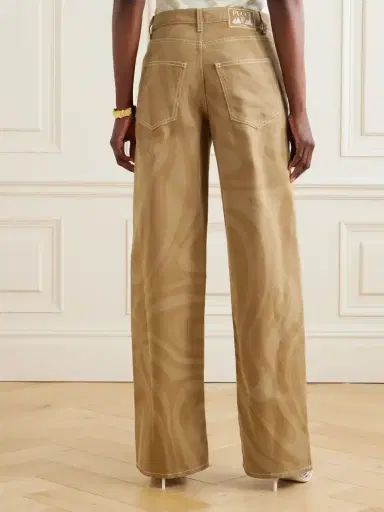 PUCCI Printed Cotton-canvas Wide-leg Pants | Thumbnail 4 PUCCI Printed Cotton-canvas Wide-leg Pants | Thumbnail 4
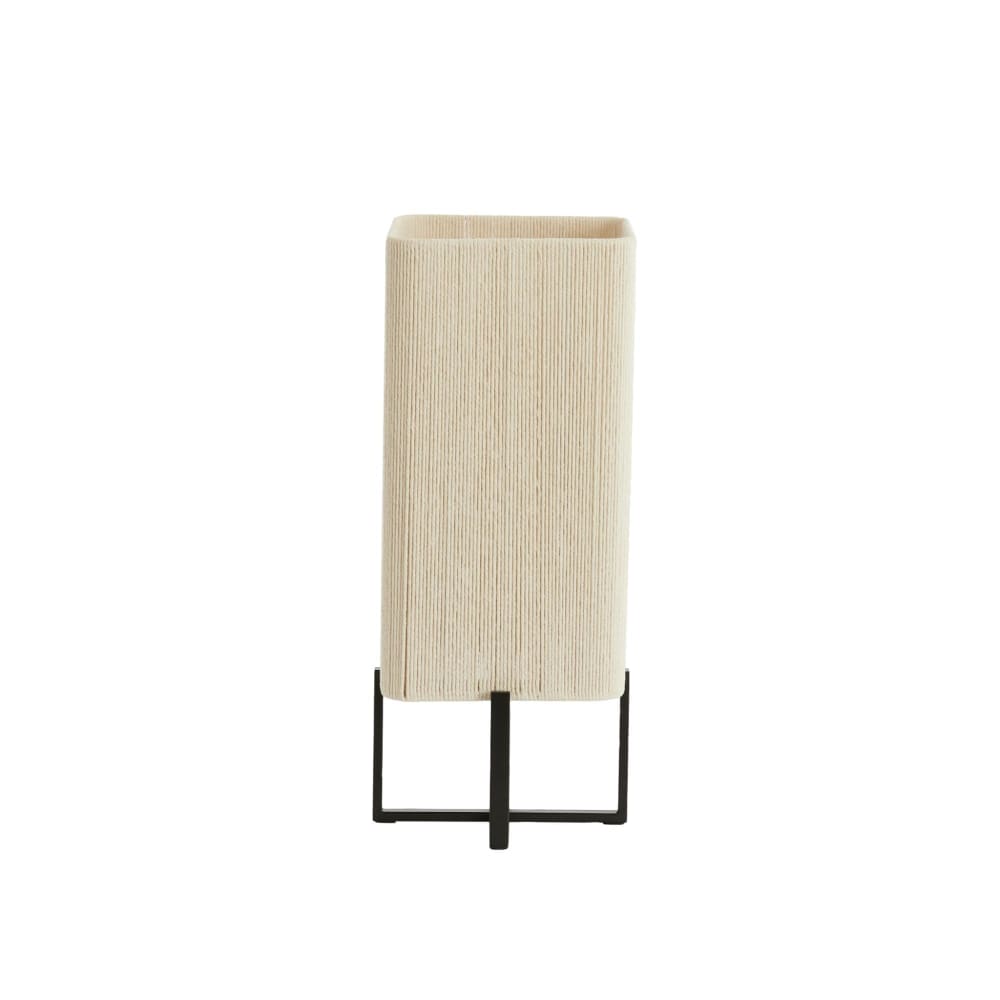 Light & Living Tischleuchte aus Metall, creme, 21.5x21.5x50.5cm style modern Schwarz Metall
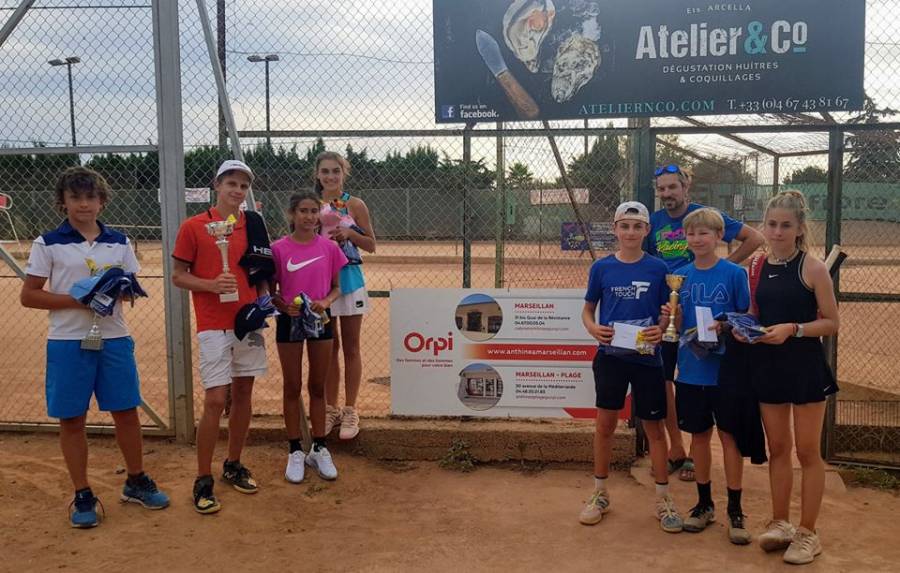 Tennis - Marseillan - le TC Marseillan s'illustre lors de son Tournoi !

#### WORK INSTRUCTIONS:
Give back exactly the run of lines that opens the material above and ends at the line with "Light & Living". Omit the pictures.

#### SOLUTION TO THIS EXERCISE:
 PUCCI Printed Cotton-canvas Wide-leg Pants | Thumbnail 4 PUCCI Printed Cotton-canvas Wide-leg Pants | Thumbnail 4
 Light & Living Tischleuchte aus Metall, creme, 21.5x21.5x50.5cm style modern Schwarz Metall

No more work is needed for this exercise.